### SUPPLIED MATERIAL
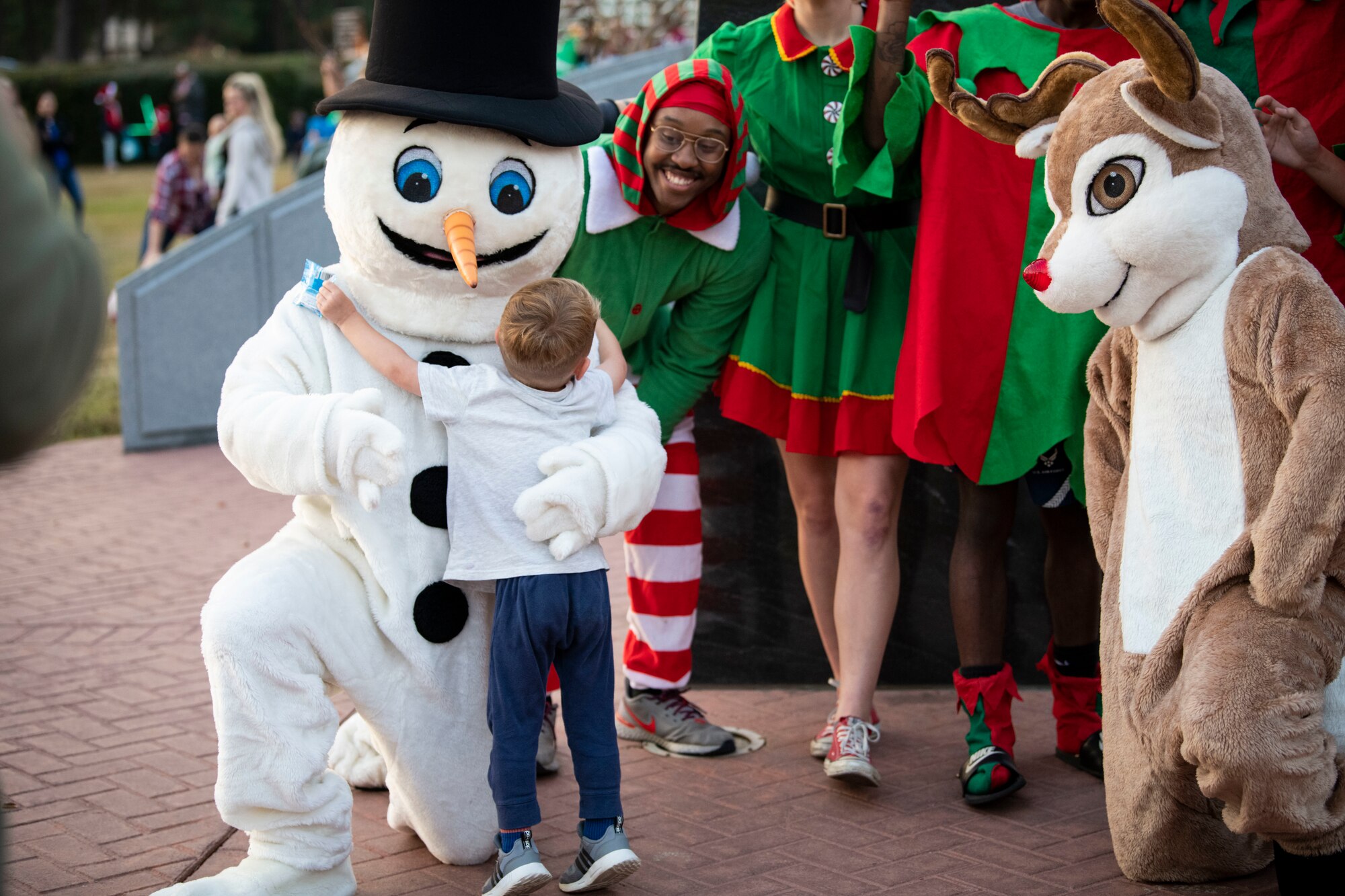 A Team Hurlburt member gives a snowman a hug during the annual tree lighting ceremony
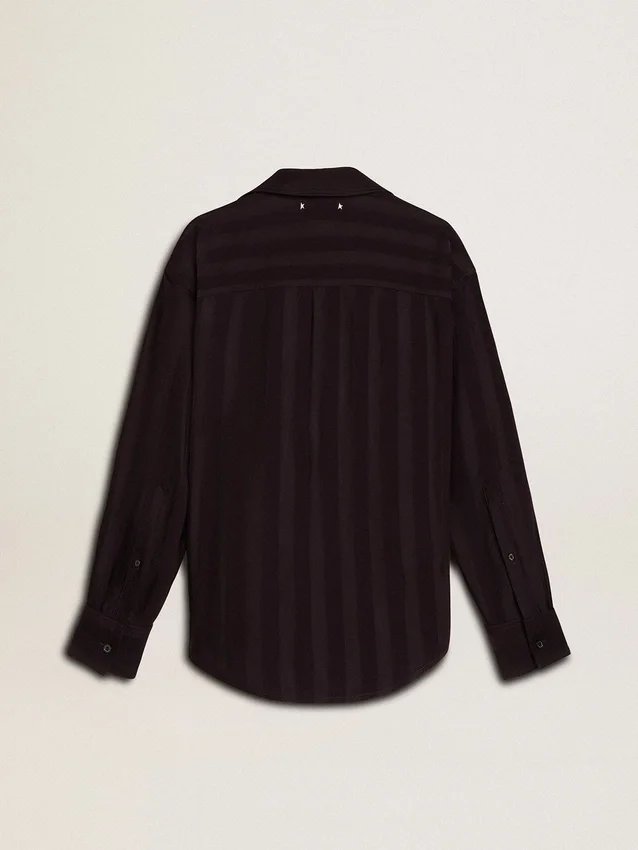 Camisas negras para mujer con rayas verticales y cierre con nudo lateral
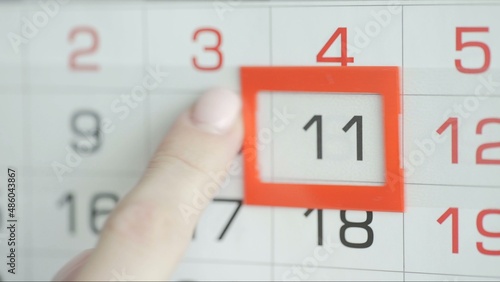 Close-up of a woman's finger moves the date pointer on the calendar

### TASK DIRECTIONS
In your copy of the material, every word must match and no image should appear.

### SOLUTION TO THIS PROBLEM
 A Team Hurlburt member gives a snowman a hug during the annual tree lighting ceremony
 Camisas negras para mujer con rayas verticales y cierre con nudo lateral
 Close-up of a woman's finger moves the date pointer on the calendar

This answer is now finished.